Challenge of Generalization in Robotics
Traditionally, robotic systems are designed for deployment in familiar environments. They struggle to adapt beyond locations where they have been trained, which becomes problematic in settings with limited data, such as unstructured homes. While individual components like VLMs and robotic skills for navigation and grasping have advanced, combining these models with robot-specific primitives still results in poor performance.
“Making progress on this problem requires a careful and nuanced framework that both integrates VLMs and robotics primitives, while being flexible enough to incorporate newer models as they are developed by the VLM and robotics community,”
– Researchers at Meta AI and New York University
The OK-Robot Framework
OK-Robot combines state-of-the-art VLMs with powerful robotics primitives to perform pick-and-drop tasks in previously unseen environments. The models used in this framework are trained on large, publicly available datasets. The framework consists of three primary subsystems:
- Open-vocabulary object navigation module
- RGB-D grasping module
- Dropping heuristic system
When deployed in a new home, OK-Robot requires a manual scan of the interior. An iPhone app captures a sequence of RGB-D images as the user moves around the building. These images, along with camera pose and positions, are used to create a 3D environment map. The framework employs a vision transformer (ViT) model to process each image and extract object information, which is then combined with environment data to create a semantic object memory module.
Given a natural language query for picking an object, the memory module computes the embedding of the prompt and matches it with the object that has the closest semantic representation. OK-Robot utilizes navigation algorithms to find the optimal path to the object’s location, considering the robot’s maneuverability in the environment. To pick the object, the robot employs an RGB-D camera, an object segmentation model, and a pre-trained grasp model. A similar process is followed for reaching the destination and dropping the object.
“From arriving into a completely novel environment to start operating autonomously in it, our system takes under 10 minutes on average to complete the first pick-and-drop task,”
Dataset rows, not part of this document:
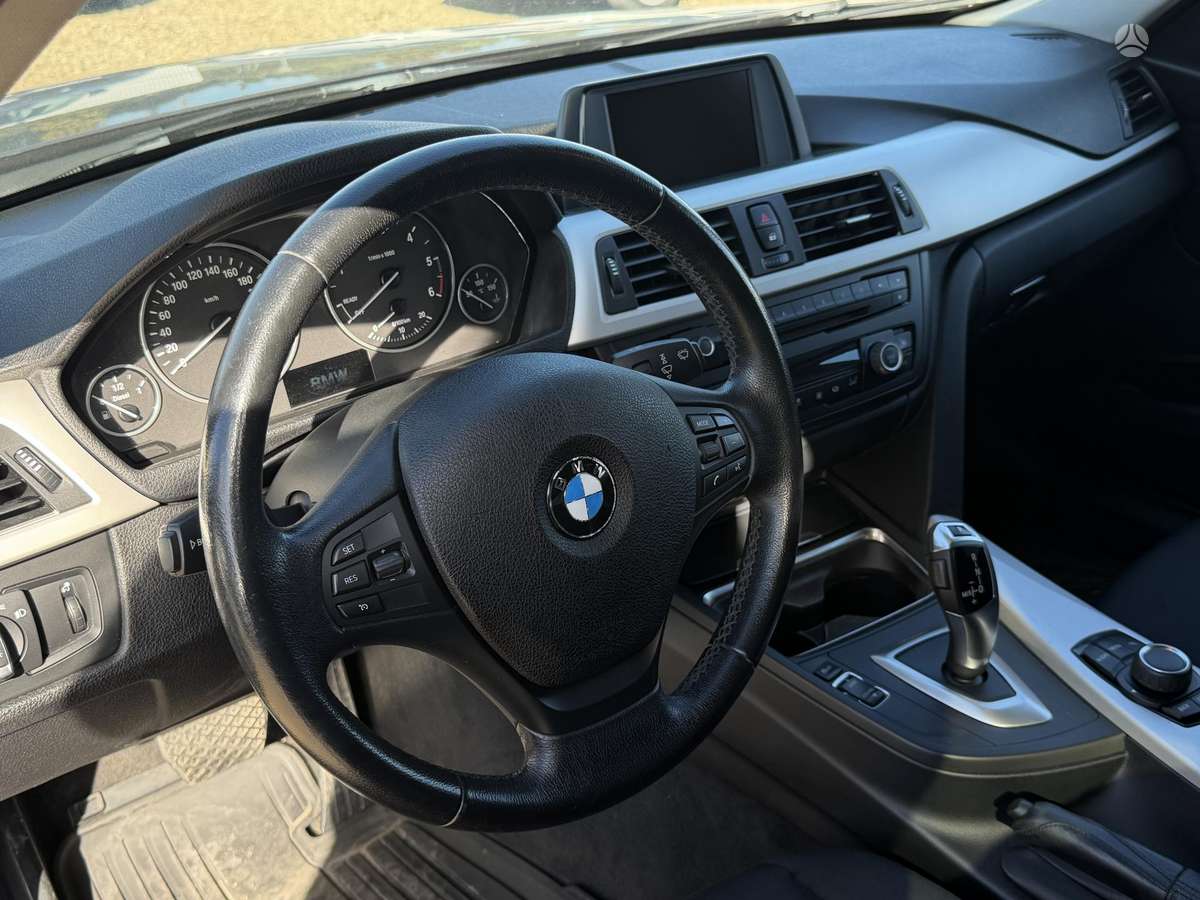 BMW 320, 2.0 l., Седан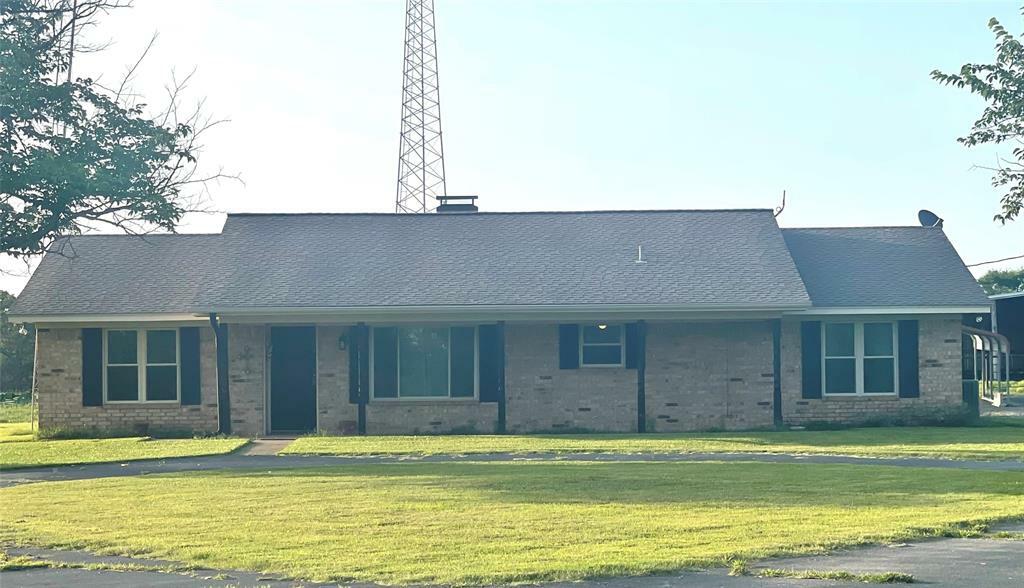 Property Photo:  1624 County Road 1560  TX 75410 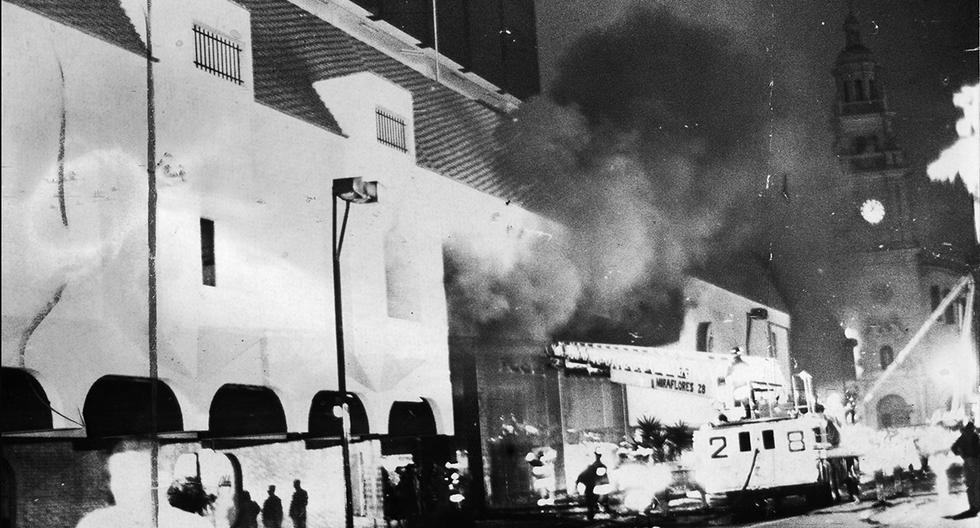 Lima, 7 de octubre de 1992. Antes de la medianoche, terroristas de SL dejaron bombas incendiarias en el local de "Bingo Real" en el Centro Comercial Camino Real. (Foto: Vicente Montes / GEC Archivo Histórico)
– Researchers at Meta AI and New York University
Performance and Improvements
Researchers conducted experiments in 10 homes, running 171 pick-and-drop tasks to evaluate OK-Robot’s performance in novel environments. The framework achieved a success rate of 58% for full pick-and-drops, even though the models were not specifically trained for such environments. By refining the queries, decluttering the space, and excluding adversarial objects, the success rate increased to above 82%.
OK-Robot, however, has some limitations. It occasionally fails to match the natural language prompt with the correct object. The grasping model may also fail on certain objects, and the robot hardware has its own limitations. Additionally, the object memory module remains frozen after the initial environment scan, preventing dynamic adaptation to changes in objects and arrangements.
Nevertheless, the OK-Robot project provides valuable insights. It demonstrates the effectiveness of current open-vocabulary vision-language models in identifying objects in the real world and navigating towards them in a zero-shot manner. The findings also highlight the applicability of pre-trained, specialized robot models in open-vocabulary grasping tasks in unseen environments. Furthermore, the successful combination of pre-trained models showcases the potential for zero-shot task performance without additional training.
The OK-Robot framework marks the beginning of a research field with plenty of opportunities for improvement and exploration.